Hello,
On 03/25/2011 07:13 PM, David Robillard wrote:
Sorry. I still have plenty of releases left on the
table before I have
time to get around to this stuff... and yes, I took a little break for a
change ;)
Okay, no problem. And congratulations to you and Stefano for the new releases.
I also should have mentioned I found an old radix tree
implementation of
mine that should be pretty solid. I will contrast/compare these when I
get the chance.
Okay. My implementation is pretty much experimental by the way. The remove()
function is broken, and I think it would be better to use a linked list
internally to avoid reallocs. And it needs some refactoring.
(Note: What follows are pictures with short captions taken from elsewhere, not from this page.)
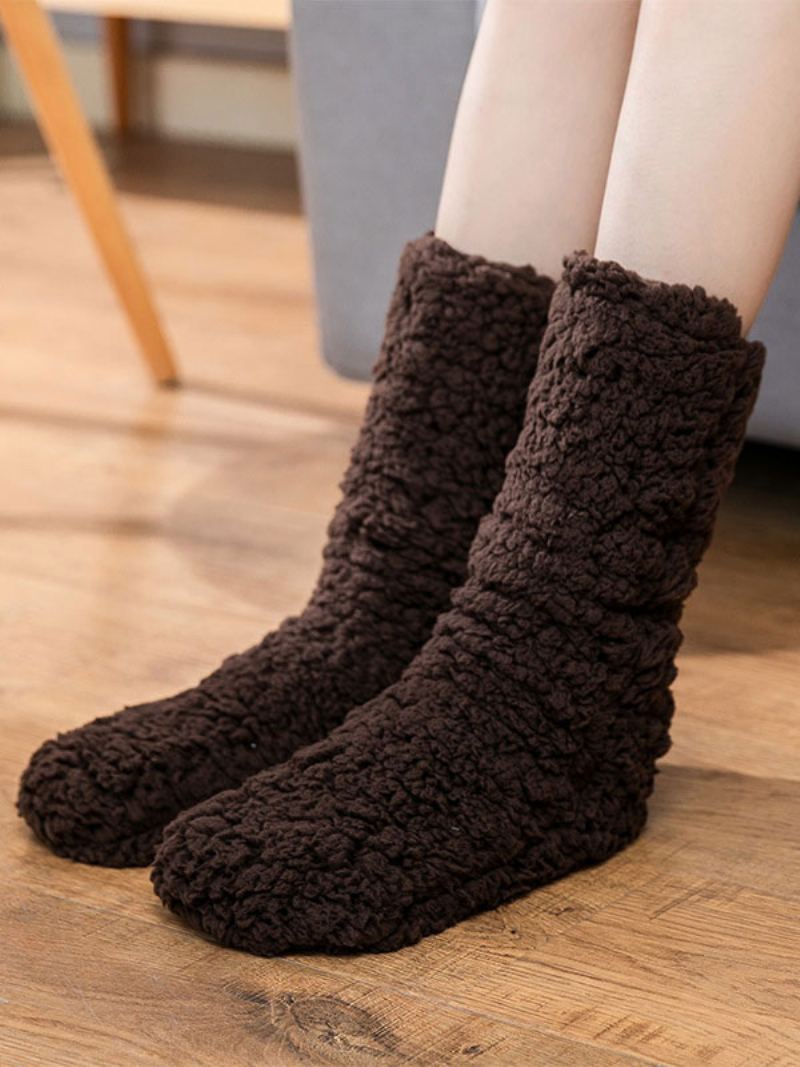 Svarte Sokker Høy Kvalitet Fluffy Knit Vinter Tykk Varm Koselig Fuzzy Calcetines Felpa Floor Invierno Damesokker - Kaffebrun
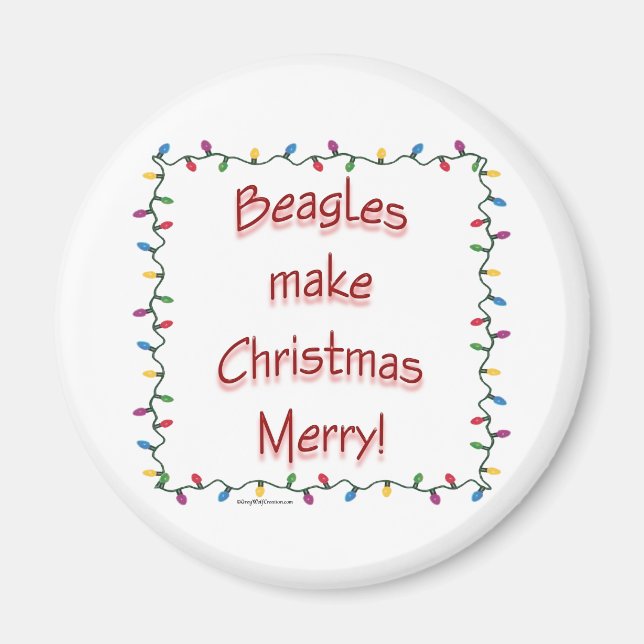 Íman Beagles fazem Feliz de Natal - Magnet (Frente)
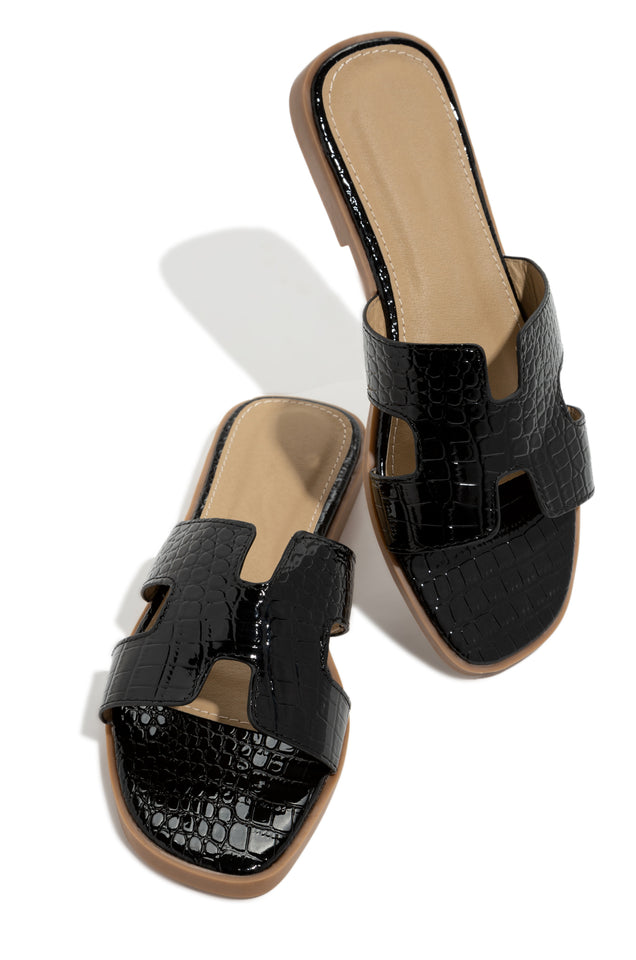 Miss Lola Yacht Club Black Slip On Sandals MISS LOLA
The radix tree is for interning URIs. You could also
use a hash table,
but hash tables are ugly and clunky IMO, I prefer more elegant
structures that grow organically (and radix trees are simple to
implement), and as mentioned we have many common prefixes here which
makes it a suitable choice.
Interning URIs is used to get a number to represent a URI string. This
is necessary for even remotely appropriate performance because it means
statement lookup is a series of integer comparisons, and not a series of
vastly more expensive (and redundant) string comparisons.
For a store of n statements with URIs of length k, a search will thus be
O(lg(n) + k). Without interning it would be O(k*lg(n)), and have more
fragmented memory access as well.
In regard to performance here is what I get when running the attached benchmark:
olivier@etoile:~/dev/lv2/sord/src$ ./radix_benchmark all_words.txt
Read 21110 words from all_words.txt
Inserted words into the radix tree in 17ms
Inserted words into the hash table in 8ms
Looked up all words from the radix tree in 9ms
Looked up all words from the hash table in 4ms
Removed all words from the radix tree in 11ms
Removed all words from the hash table in 8ms
It comares the performance of the GHashTable and my radix tree (on a quad core).
It's done using a 20k list of english words, which I think isn't very
appropriate, because it leads to a lot of single-character branches, and the
tree never gets deep. Given this, it performs reasonably well I think.
Anyway, if you need something more sophisticated and suited to your specific
needs, it's a bit hard for me to help you I think, because there may be many
details you're thinking about which I don't know.
So, right now, I suppose that I could remove the glib dependency for my own
needs, by using drop-in replacements for the hash table and sequence, even if
they're slow. I don't need such performance for parsing tiny LV2 files anyway.
--
Olivier